Quando o questionei sobre as oportunidades de emprego no Brasil, Kadu conta que são poucas. “A maioria das vagas são indicadas por alguém que respeita o trans. Poucas empresas permitem um plano de carreira com igualdade como deve ser. Transexuais que já estão em transição ou já obtiveram mudanças físicas conseguem com uma maior facilidade, pois fica mais fácil para as organizações”, conta o rapaz.
Cézar Sant Anna tem uma opinião parecida. Segundo ele, a maior dificuldade de inclusão das pessoas trans é as empresas não possuírem políticas reais para tal finalidade. “Não acho que somos um país inclusivo. Desde a formulação do currículo, há um receio sobre qual nome devemos colocar: o nome social ou o que consta nos documentos. Seja qual for a escolha, seremos questionados sobre nossa ‘condição’ em algum momento. É difícil encontrar um RH que esteja capacitado para lidar com essas questões”, ele afirma.

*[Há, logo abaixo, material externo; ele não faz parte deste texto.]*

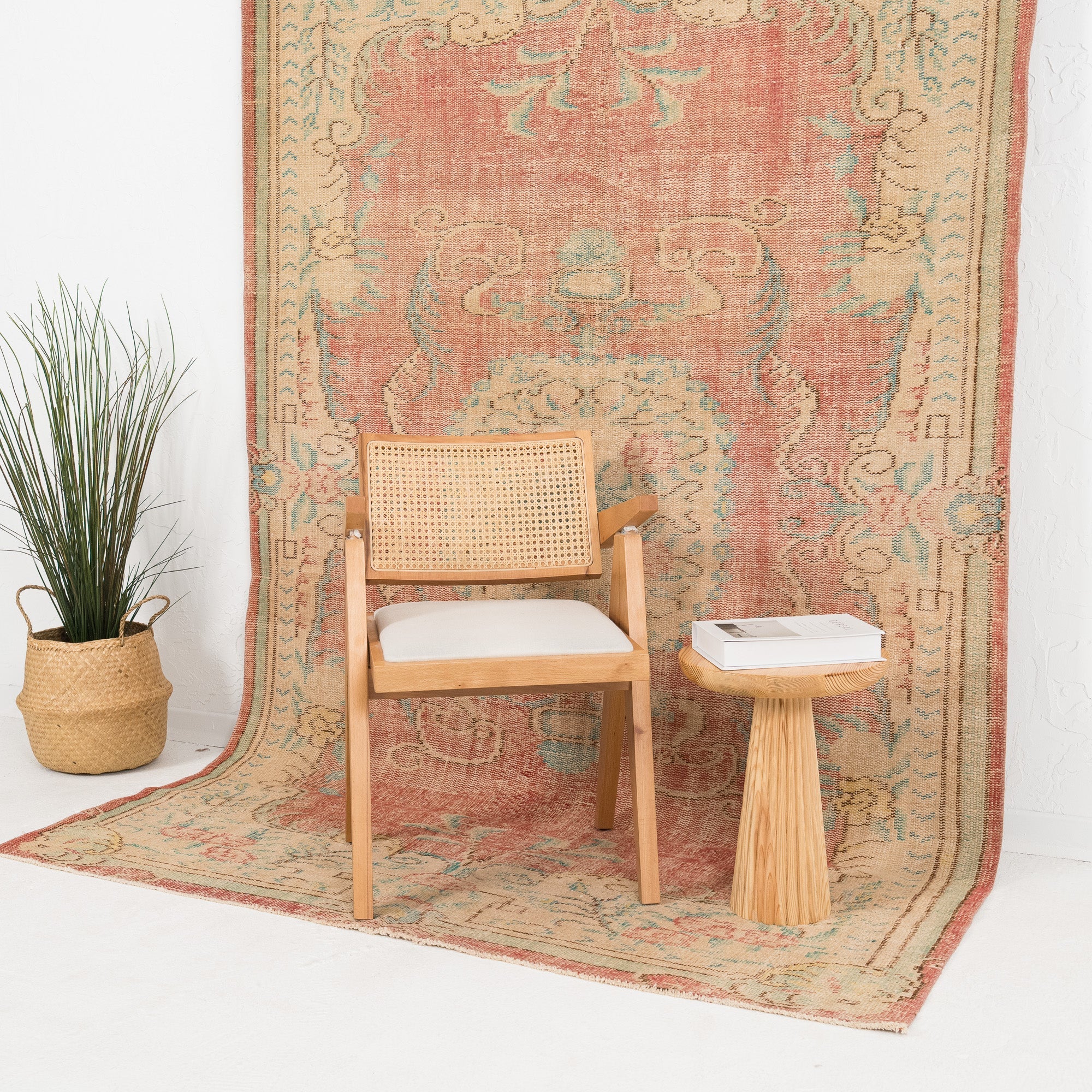 Loravielle - Vintage Turkish Area Rug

Hoje, com 31 anos, Cézar trabalha como analista de marketing e precisou se adaptar ao ambiente corporativo, mas não aceita calado o preconceito. “Sempre fui muito decidido quanto ao meu comportamento e não aceitei desrespeito por parte de chefes e colegas, porém há situações em que é preciso ter muita paciência”, comenta.

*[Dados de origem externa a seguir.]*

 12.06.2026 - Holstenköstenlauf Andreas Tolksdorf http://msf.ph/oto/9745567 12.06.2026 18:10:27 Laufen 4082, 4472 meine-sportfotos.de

“Já ouvi de um chefe que ele me ‘pegaria’ quando eu ‘era mulher’. Isso é uma ofensa enorme quanto a minha identidade de gênero e uma falta de respeito com as mulheres no ambiente de trabalho”.
Cézar Sant Anna, profissional de recursos humanos
Segundo o Kadu, pessoas trans que já passaram pela transição ou possuem características mais marcantes têm um pouco mais de facilidade em arranjar um emprego. Mas quem me explica melhor sobre isso é a bancária Ângela Chagas.
Ela tem 34 anos e mora no nordeste, atualmente em Alagoas, mas já morou em outros estados por conta de seu emprego. Ângela comenta que as dificuldades para as pessoas trans são imensas, principalmente para aquelas que não concluíram a transição. “Pelo menos aqui onde eu moro, o preconceito é muito forte. Eles nem olham se você tem qualificação, se souberem que é trans, já dizem ‘não’. Não sou abertamente assumida trans no meu serviço, porque eu tenho medo” comenta a bancária.
Constrangimento que vai desde a entrevista até o dia a dia no trabalho
Os quatro entrevistados afirmaram que já sofreram algum tipo de situação constrangedora no âmbito do trabalho, seja em uma entrevista de emprego e/ou na rotina do serviço. E, apesar de não existir nenhum estudo científico que comprove a não competência de uma pessoa de acordo com o gênero, algumas pessoas e empresas tomam isso como verdade e não dão oportunidades de inserção ou de crescimento dentro da instituição, às pessoas transexuais.
Para contar mais sobre isso, nada melhor do que ouvir o que os entrevistados têm a dizer por suas próprias histórias.
Pessoas trans: O que tem a nos dizer?
As empresas podem mudar as abordagens para aumentar e facilitar a inserção de transgêneros no mercado de trabalho, seja abrindo vagas específicas ou conscientizando os empregados para diminuir o preconceito. Confira no infográfico a seguir.
Na última pergunta, para finalizar a entrevista, questionei: “se você pudesse dar uma dica para uma pessoa trans que está entrando no mercado de trabalho agora, qual seria?”. Todas as respostas tiveram um ponto em comum: “seja você mesmo, não desista e lute pelos seus direitos. Dê um passo de cada vez, tenha coragem e mostre do que você é capaz”.